Today three of my patients discharged to hospice. Another died in the hospital. I saw one person with a broken arm and dislocated shoulder. Finally back in my element, I was able to help someone; someone who is going to go home, get outpatient therapy, get better, go back to work. This is what I like about trauma and orthopedics – I have useful skills to offer and my patients get better.
It was only a few days ago that hospital workers were being hailed as heroes. Now we are surplus labor. Due to the uncertainties of the novel coronavirus and questionable planning by senior management, I will soon be out of work. The press release said that senior management would take a temporary 20% pay cut, middle management 10%, and hourly workers would see no cut. A nurse manager informed me that the CEO’s salary is $1.7 million. I am unable to verify this. If that is correct, his reduced salary for 8 weeks will be less than $210,000 – how anyone can be expected to live on that, I don’t know. What didn’t make the press release hit the fan the next day – a 33% cut in hours for hourly employees, with a “choice” of how to take the hit. Two and a half weeks without pay in the next eight weeks. (An update referred to this as “non-requested time off”.) (Like everything else COVID-related in the hospital these days, this could be inaccurate by the time you read it.) If my retirement funds hadn’t taken such a hit this winter, it would be Johnny Paycheck time:
One of my co-workers said she came down with “anal glaucoma – I can’t see my ass working here anymore.” The hall monitors asked the usual: “Self-monitoring? Any new symptoms?” I said, “Yes, I’ve come down with new symptoms – a deep disappointment in, and resentment of, senior management.” She checked the list and said that wasn’t on the list of symptoms, so I could go to work. My daughter in law pointed out that this was actually an acute exacerbation of a pre-existing condition – “he’s been presenting with disappointment in and resentment of upper management for quite some time”.
Another Modest Proposal
President Trump announced his desire to study the effect of injecting or ingesting bleach, rubbing alcohol, or other disinfectants to treat COVID-19.

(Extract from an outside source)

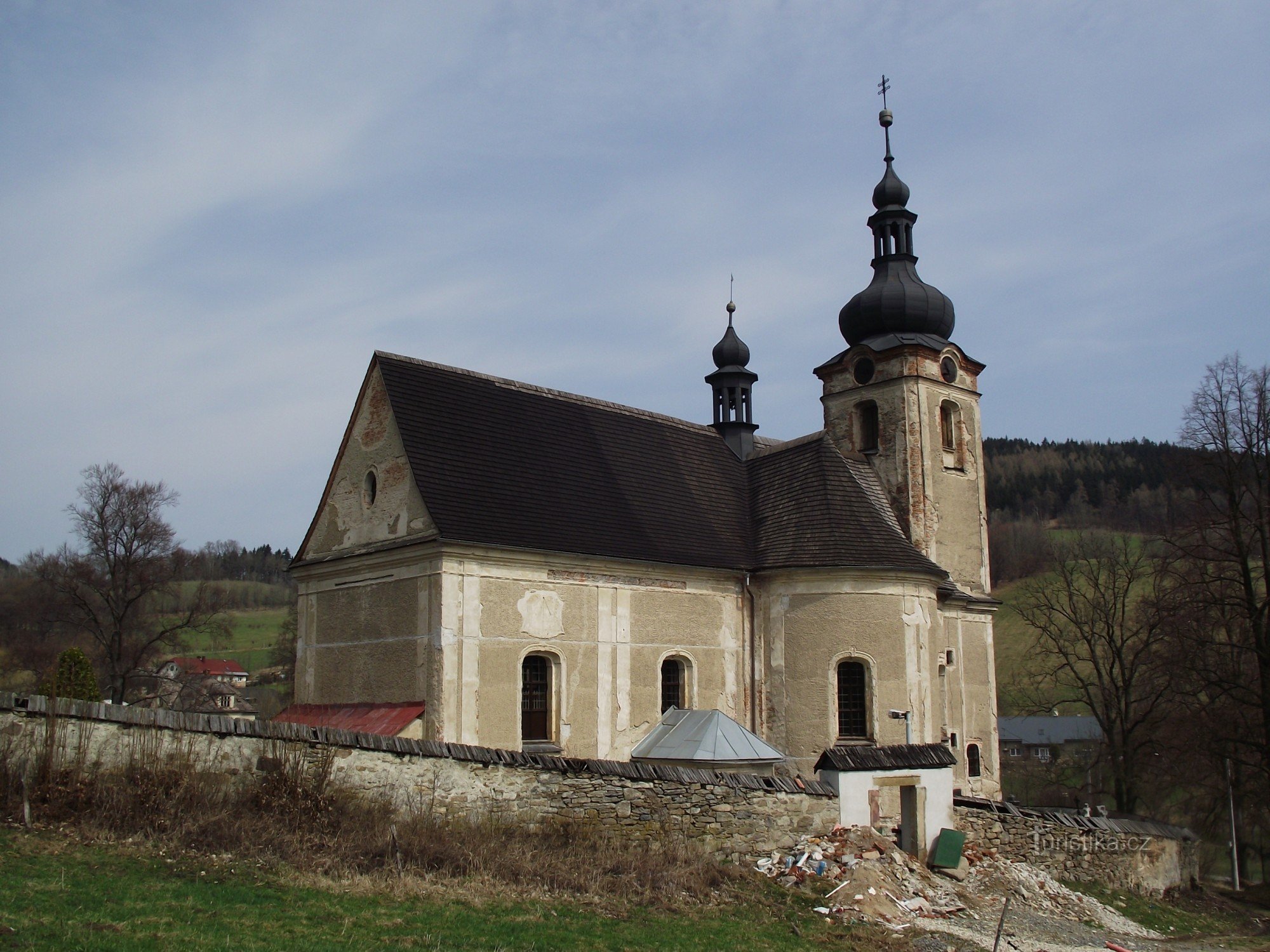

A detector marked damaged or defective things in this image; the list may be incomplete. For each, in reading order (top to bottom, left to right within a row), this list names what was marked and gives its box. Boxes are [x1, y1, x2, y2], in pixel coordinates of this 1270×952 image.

peeling plaster wall [301, 363, 437, 559]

He may be onto something here; he just didn’t think it through all the way. In related news, hundreds of people crowded onto the state capitol grounds in Madison WI (as they have at other state capitols this week) to protest the governor’s “Safer at Home” order and call for the immediate “re-opening” of the state. This seems like a natural population on which to test my hypothesis.

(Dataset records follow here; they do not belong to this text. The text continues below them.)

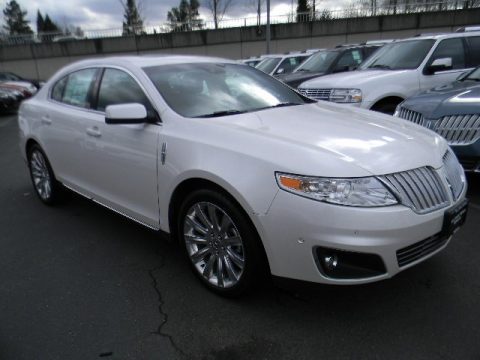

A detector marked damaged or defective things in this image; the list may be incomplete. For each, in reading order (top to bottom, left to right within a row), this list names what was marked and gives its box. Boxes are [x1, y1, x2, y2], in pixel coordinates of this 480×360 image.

pavement crack [148, 255, 188, 358]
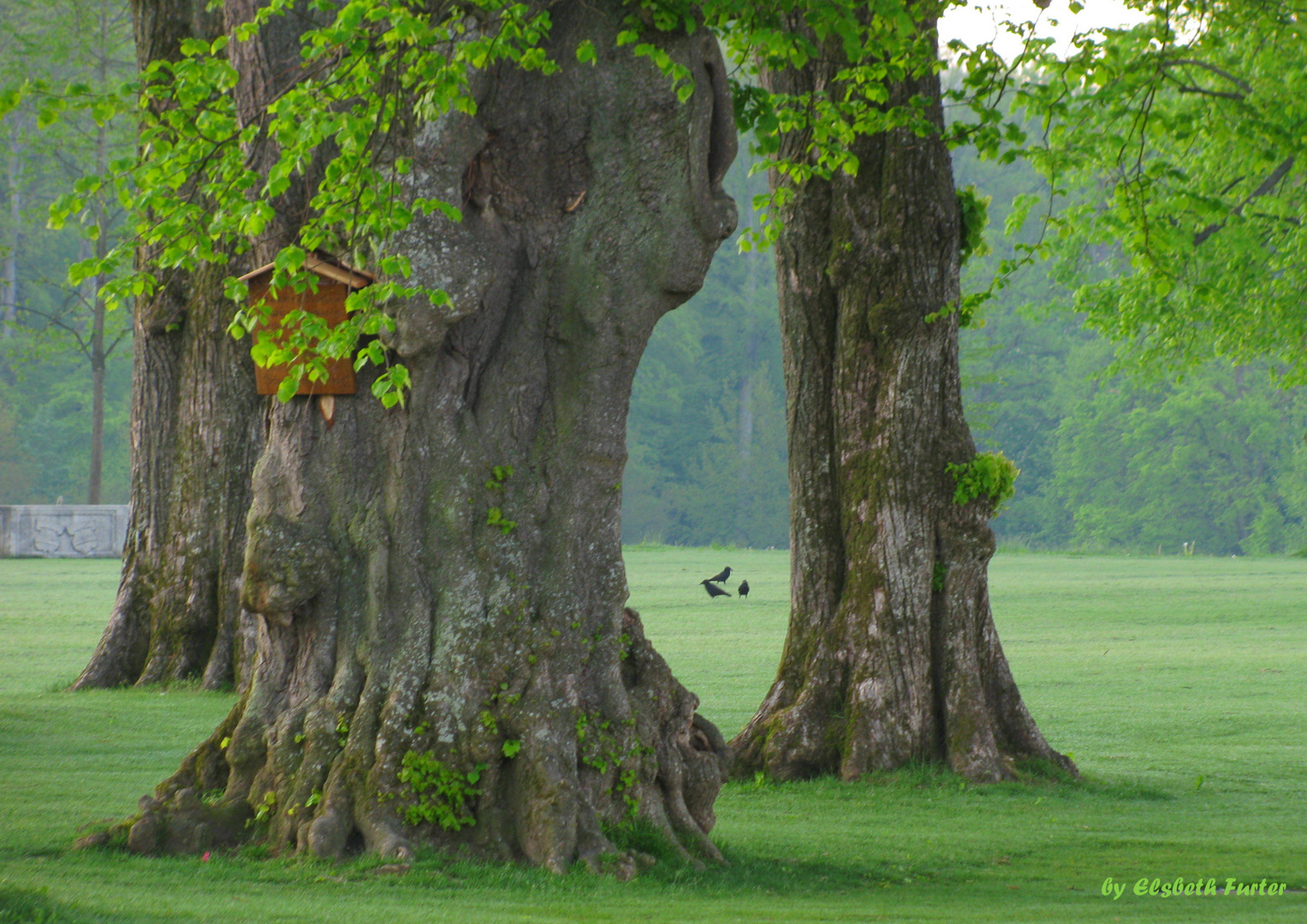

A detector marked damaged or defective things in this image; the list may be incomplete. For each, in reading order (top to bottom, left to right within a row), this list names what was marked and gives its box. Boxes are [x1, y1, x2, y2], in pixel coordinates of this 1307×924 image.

rusty orange birdhouse front [237, 253, 373, 397]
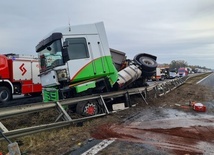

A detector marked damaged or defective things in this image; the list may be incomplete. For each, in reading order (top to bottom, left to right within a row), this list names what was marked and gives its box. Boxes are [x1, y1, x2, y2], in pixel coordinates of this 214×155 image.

damaged guardrail [0, 76, 187, 140]
overturned semi-truck [35, 22, 157, 115]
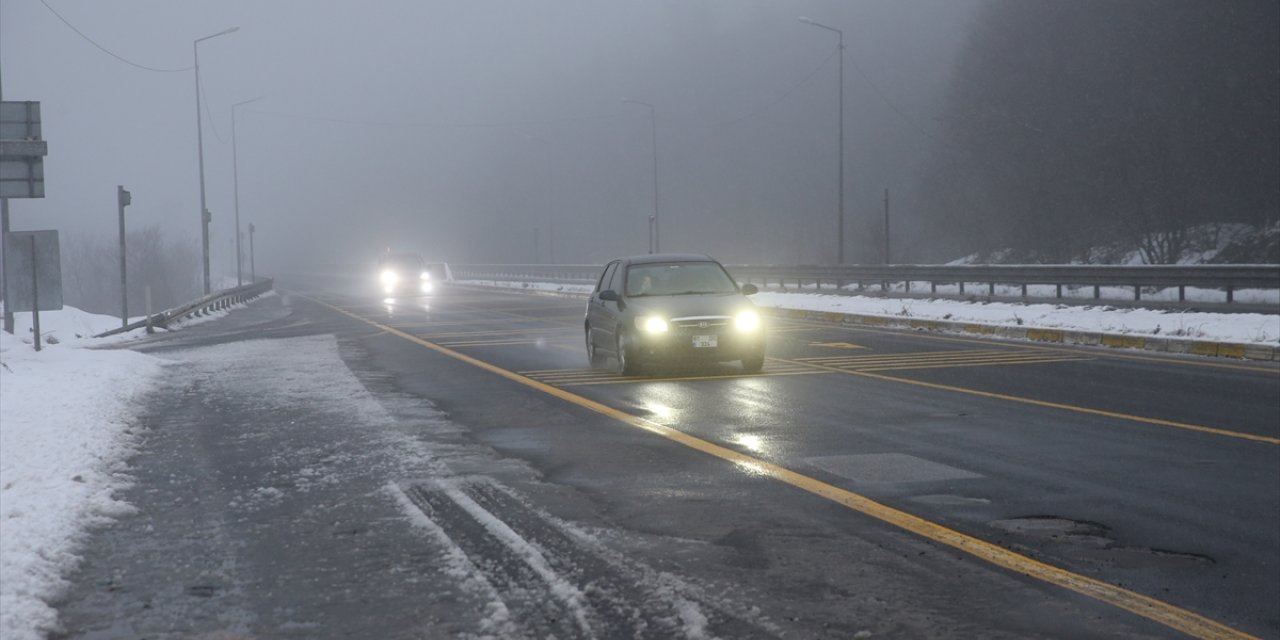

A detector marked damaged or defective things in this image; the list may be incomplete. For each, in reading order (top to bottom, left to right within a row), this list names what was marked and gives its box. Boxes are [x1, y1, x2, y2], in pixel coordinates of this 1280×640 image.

pothole in road [983, 514, 1213, 570]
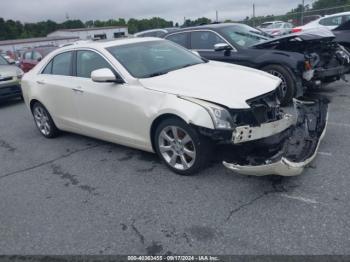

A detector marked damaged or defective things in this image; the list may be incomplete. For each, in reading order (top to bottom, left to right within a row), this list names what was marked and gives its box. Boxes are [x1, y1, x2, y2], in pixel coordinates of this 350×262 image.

dented hood [139, 60, 282, 108]
cracked pavement [0, 77, 348, 254]
damaged front end [221, 97, 328, 176]
detached bumper cover [224, 97, 328, 176]
crumpled front bumper [224, 98, 328, 176]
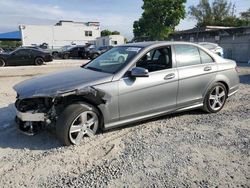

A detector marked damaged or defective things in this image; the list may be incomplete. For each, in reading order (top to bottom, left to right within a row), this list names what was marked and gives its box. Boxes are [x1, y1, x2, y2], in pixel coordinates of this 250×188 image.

bent hood [14, 67, 114, 99]
damaged front end [14, 86, 109, 136]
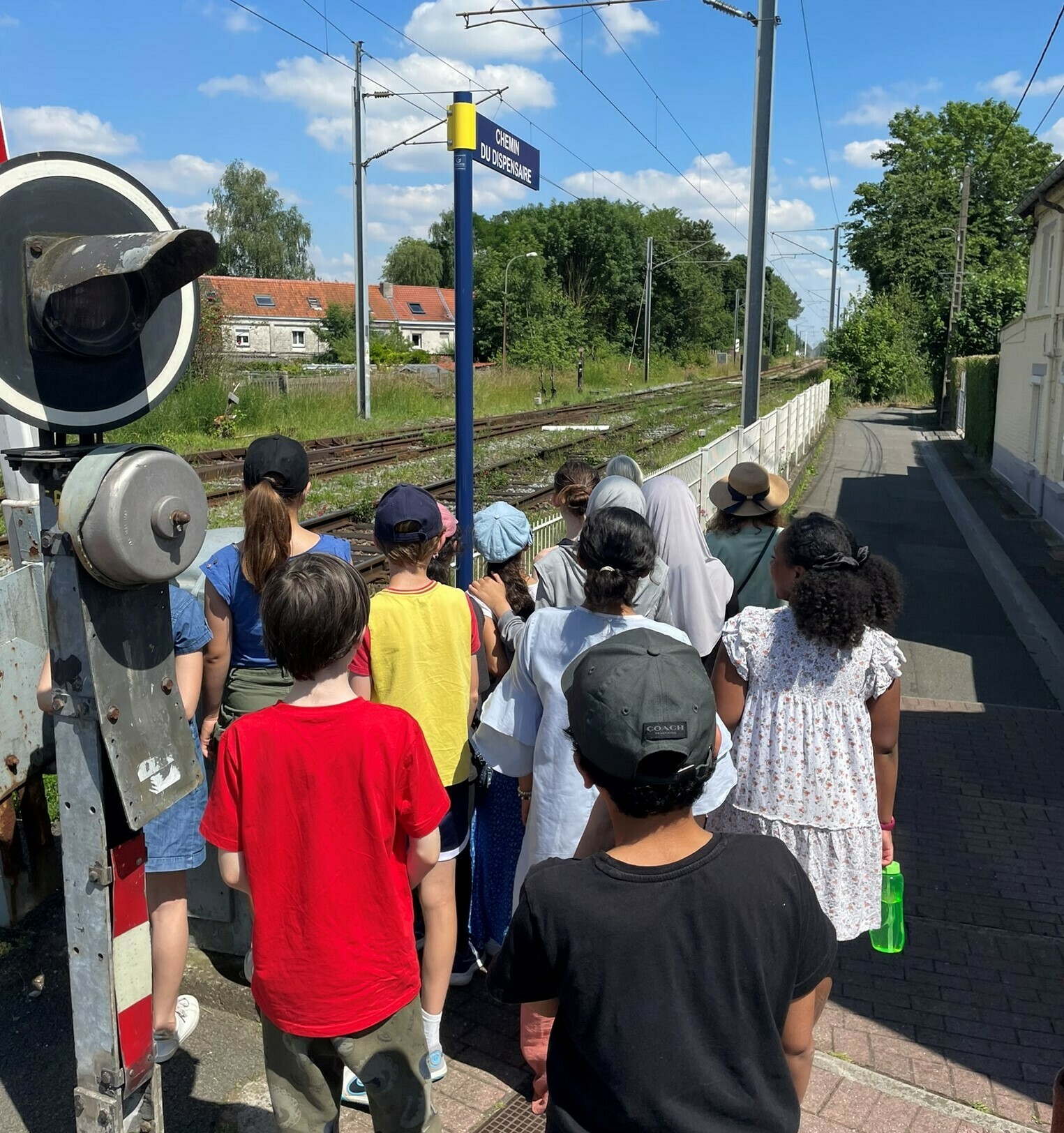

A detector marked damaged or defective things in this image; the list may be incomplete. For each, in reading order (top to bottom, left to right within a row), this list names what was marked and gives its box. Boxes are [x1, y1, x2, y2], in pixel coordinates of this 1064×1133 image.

rusty metal signal post [0, 153, 218, 1133]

What if, instead of treating COVID-19, we were able to prevent it? My hypothesis is that 100% of people treated prophylactically with injected bleach will not contract COVID-19.
We would first have to test all of the protesters to ensure that no one is already infected. That would rule them out of the study. We could divide the remaining protesters into an experimental group, to be injected with bleach, and a control group, to be injected with normal saline. We would then measure the rate of infection with COVID-19 after 2 weeks and after a month. I hypothesize that none of the experimental group will be found to have COVID-19 on either of those tests. [Editor’s note: the author further hypothesizes that none of this group will live to the first follow-up, and will die of other causes, but that is not the dependent variable we are studying here.] Granted, this is a convenience sample and not necessarily representative of the general population, but some might argue that is actually the beauty of it.